This project implements a data processing pipeline to parse, structure, and analyze ancient Sanskrit texts, including the Rigveda, the oldest of the sacred Vedic Sanskrit texts.
The core script transforms complex, deeply nested hierarchical data (organized by Mandala → Sukta → Verse) into a flat, machine-readable Pandas DataFrame. This structure serves as a foundational "Parallel Corpus" for downstream Natural Language Processing (NLP) and Digital Humanities research, enabling simultaneous analysis of the original Sanskrit (phonetics/meter) and English translations (semantics).
The raw data exists in a nested dictionary format where structural inconsistencies (e.g., varying depths for samhita vs padapatha text) make direct analysis difficult.
Input Structure:
Mandala -> Sukta -> Verse -> {Nested Dictionary of Devanagari, Transliteration, Translations}
Output Structure: A clean, tabular DataFrame where every row represents a single Rik (verse) with aligned attributes.
- Robust Parsing: Handles exceptions and irregular schema structures (e.g., missing keys for specific verses).
- Text Normalization: Extracts both:
sanskrit_verse: Raw Devanagari text (suitable for string matching).display_sanskrit: Accented Vedic text with Svaras (suitable for phonetic/prosody analysis).
- Parallel Text Alignment: Aligns the Sanskrit source with English translations for bitext analysis.
- Python 3.x
- Pandas
pip install pandasThe resulting DataFrame (cleaned_df) contains the following columns:
| Column Name | Type | Description |
|---|---|---|
| mandala | String | The book number (1-10) of the Rigveda. |
| sukta | String | The hymn number within the Mandala. |
| verse_num | Int | The specific verse (Rik) number. |
| sanskrit_verse | String | Samhita text.
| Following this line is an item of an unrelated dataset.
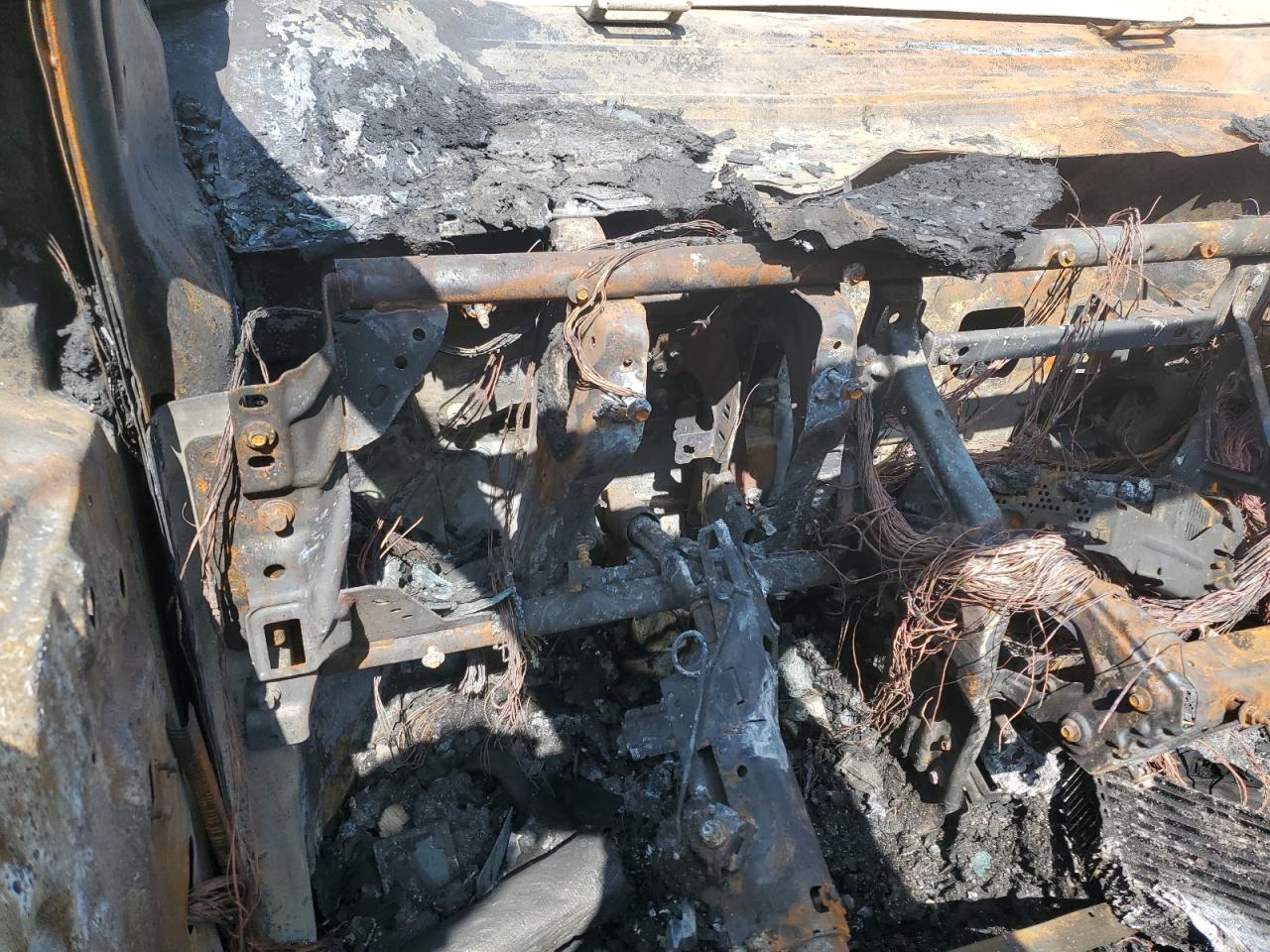 2014 Ford Escape VIN 1FMCU9GX8EUB87251 Copart auction photo, burn / missing/altered vin damage thumbnail 9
Continuous recitation format. Best for general text processing. |
| display_sanskrit | String | Accented text. Contains Vedic accents (Svaras). Essential for analyzing meter and chanting intonation. |
| english_translation | String | English translation of the verse. Used for semantic analysis and topic modeling. |
The extraction logic iterates through the source dictionary to flatten the structure:
# (Simplified logic)
import pandas as pd
# Iterate through Mandalas and Suktas
# Extract Samhita and Translation
# Handle KeyErrors via try/except blocks
print(cleaned_df.head())This project is currently in the Data Engineering phase. The next steps focus on NLP and Exploratory Data Analysis (EDA):
-
Linguistic Analysis (Sanskrit)
- Sandhi Splitting: Implement tools (e.g., CLTK) to split merged compound words.
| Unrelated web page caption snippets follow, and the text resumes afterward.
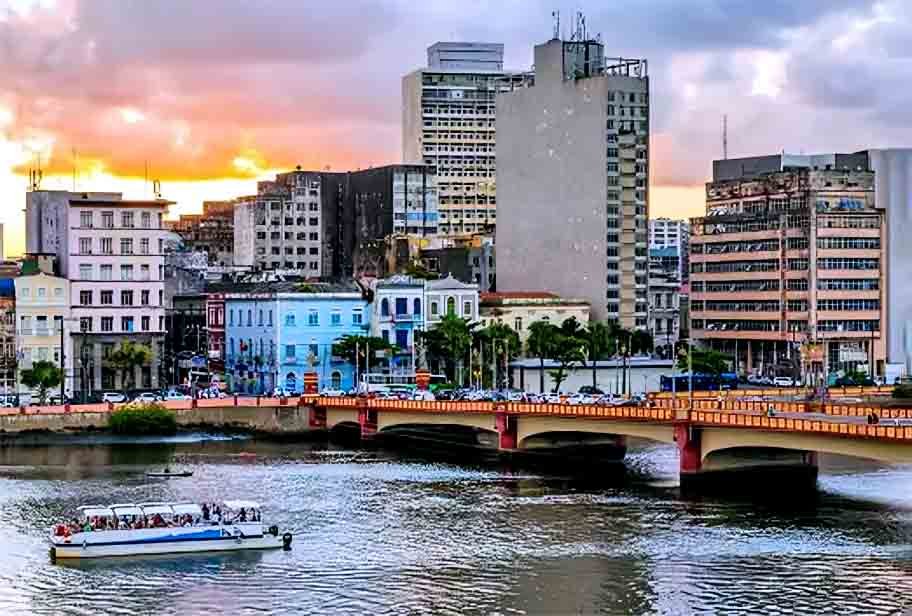 Recife (Pernambuco) – Conhecida como a "Veneza Brasileira," Recife tem vários canais e pontes, especialmente na área central e no Bairro do Recife Antigo. Há passeios de barco que percorrem esses canais, mostrando a arquitetura histórica e o encontro dos rios Capibaribe e Beberibe.
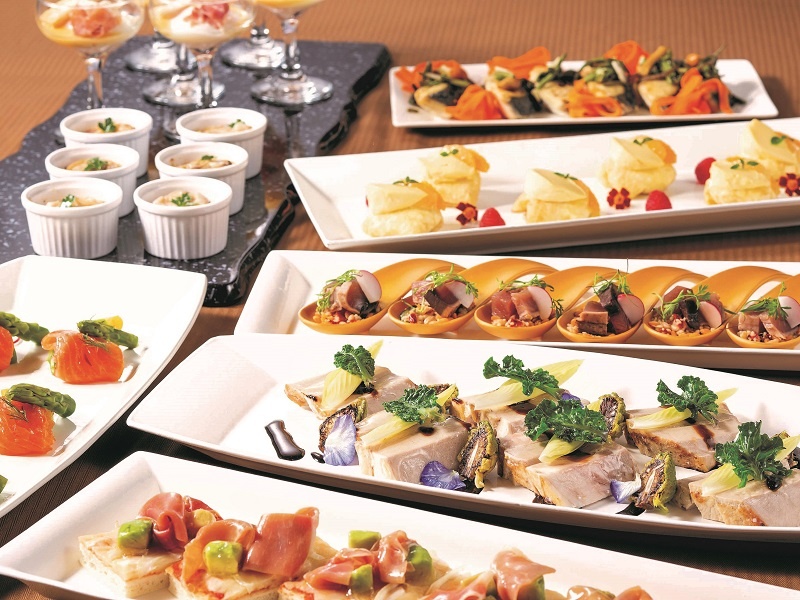 【2026年6月～8月】プレミアムプラン　～大皿料理・着席オンテーブル～
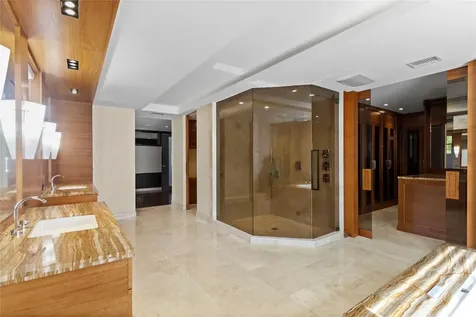 1585 Victoria Isle Way Weston FL 33327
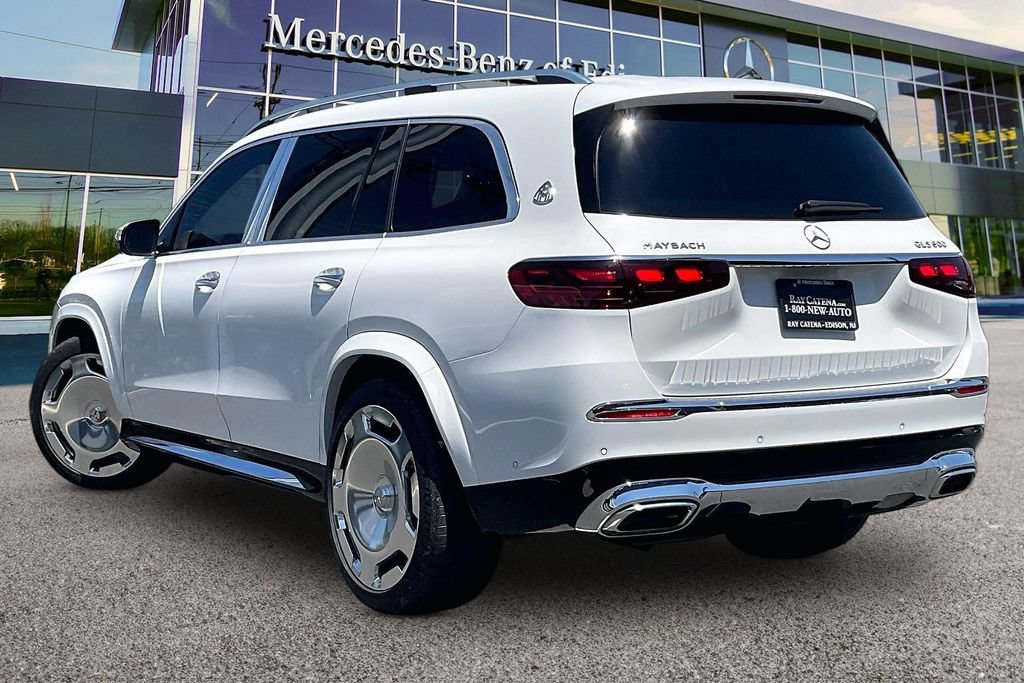 Certified 2025 Mercedes-Benz Maybach GLS 600 4MATIC image 2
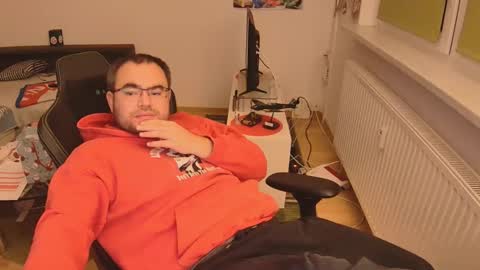 Snapshot of latexboy893 chatting on 12.16.25 latexboy893 online show from 12.16.25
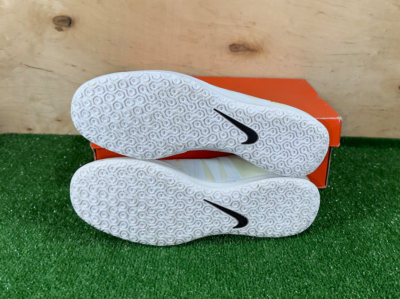 Nike MercurialX Vortex III CR7 IC 852533-401 White boots Cleats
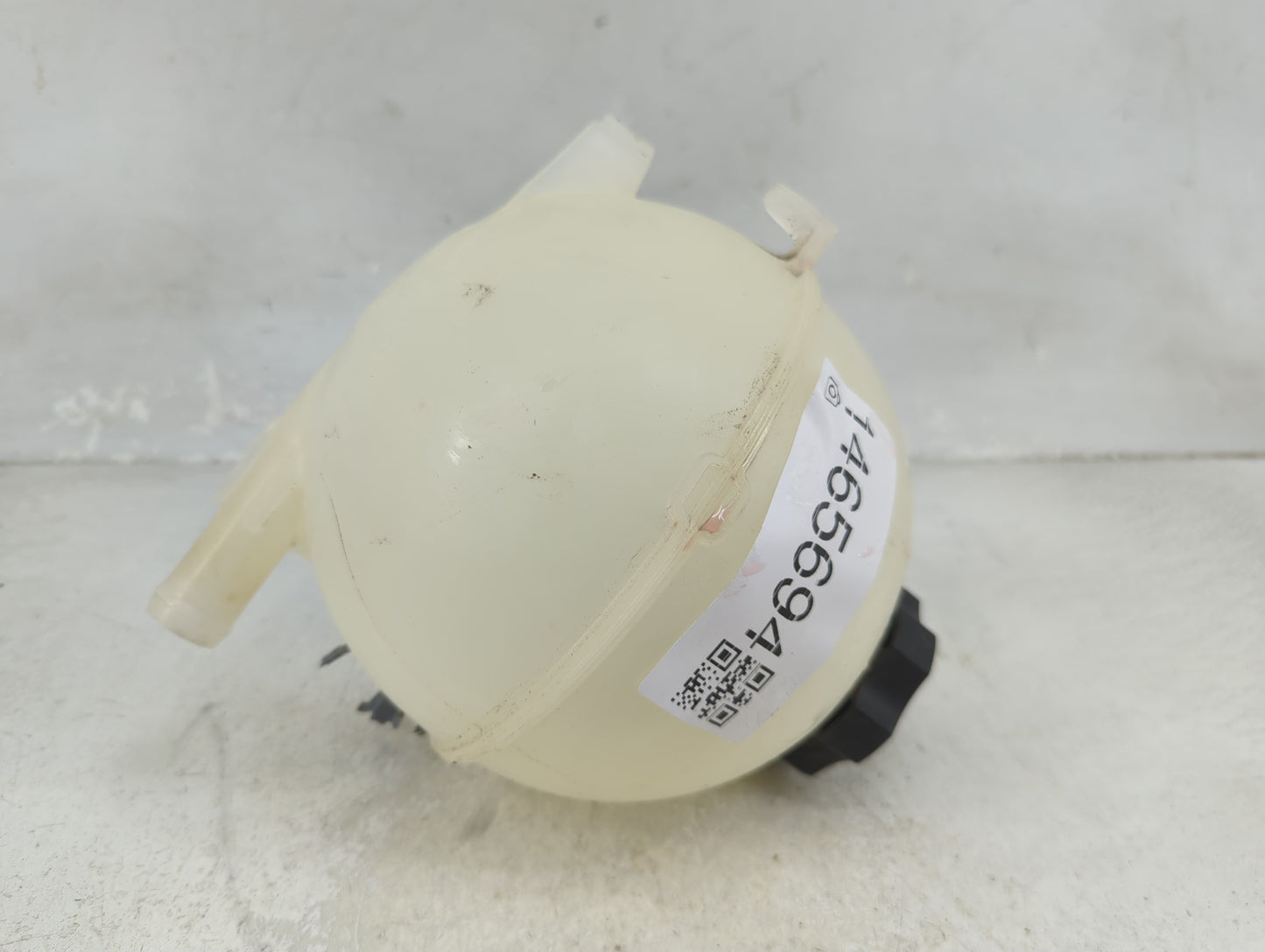 2016 Chevrolet Malibu Radiator Coolant Overflow Expansion Tank Bottle 1465694 - Oemusedautoparts1.com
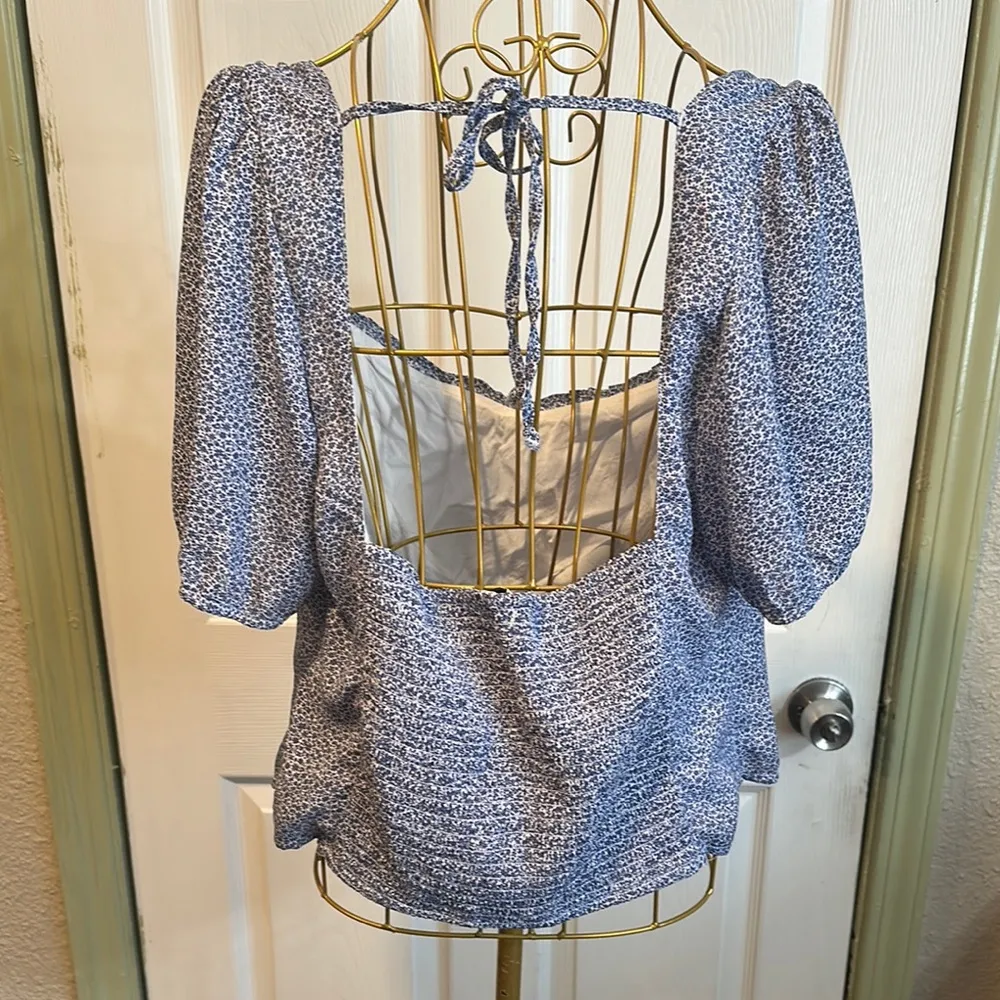 Abercrombie & Fitch floral Blue and White Puff Sleeve smocked Crop Top - Image 3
- Meter Identification: Algorithmic counting of syllables to classify verses by meter (Gayatri, Tristubh, etc.).
-
Semantic Analysis (English)
- Topic Modeling: Use LDA to cluster verses by theme (Cosmology, Ritual, Dialogue).
- Named Entity Recognition: Map the frequency of deities (Agni, Indra, Soma) across different Mandalas.
-
Parallel Corpus Research
- Investigating correlations between semantic topics and phonetic structures (e.g., Do verses about 'War' utilize specific meters?).
Data structure based on WisdomLib/Vedic textual archives.